This shows a 6mm truncated teardrop sliced with 0.25mm layers, with red highlighting the overlap.
A long time ago I mitigated this by adding 1/4 of the layer height to the radius, for reasons I can't remember now, but it isn't very accurate. There is some slight interference vertically and gaps at the sides.
I am currently designing a gearbox with ball bearings in 3D printed pockets, which I want positioned accurately, so I decided to revisit the problem.
The correct solution is simple: the compensated shape for the teardrop is simply the hull of itself shifted up half a layer and shifted down half a layer. That compensates the top half so that the bottom of the layer ends up on the circle and the bottom half so that the top of the layer ends up on the circle.
So now all the tips of the stairs sit exactly on the circle, except near the top where the 45 degree overhang would be exceeded.
This is what the hole looks like before it is sliced.
It does of course make the model specific to being sliced at a certain layer height, but my models tend to be designed that way anyway,
I printed this test piece with 6mm holes at different offsets from the layer boundary as well as holes from 1mm to 5mm and I tested it with plug gauges.
The gauges fit all the holes easily. Some are snug and some have a little play vertically depending on how the top edge aligns with the layer boundaries.

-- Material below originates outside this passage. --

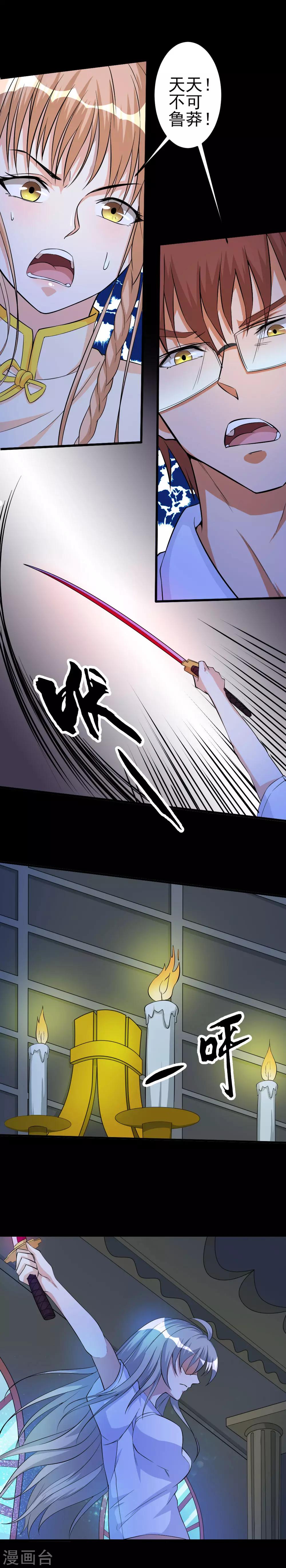 第40话 长老会-第40话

The bridge layers over the top come out a bit low because the filament forms a cylinder from a volume that would normally almost fill a rectangle, making it a slight interference fit when the top lines up exactly with the layers. In other cases there is a bit of vertical play due to the 45 degree limit at the top of the teardrop. This won't be an issue with my gearbox because it will be split into top and bottom halves and the top half will be printed upside down.
I have updated teardrop_plus() in NopSCADlib to use this method and also added a plus option to all the other variants like tearslot(). See https://github.com/nophead/NopSCADlib#Teardrops and https://github.com/nophead/NopSCADlib#Horiholes where you can find the code to make the test STL.
It should work universally as long as all slicers slice in the centre of the layer. Obviously it makes less difference with smaller layer heights.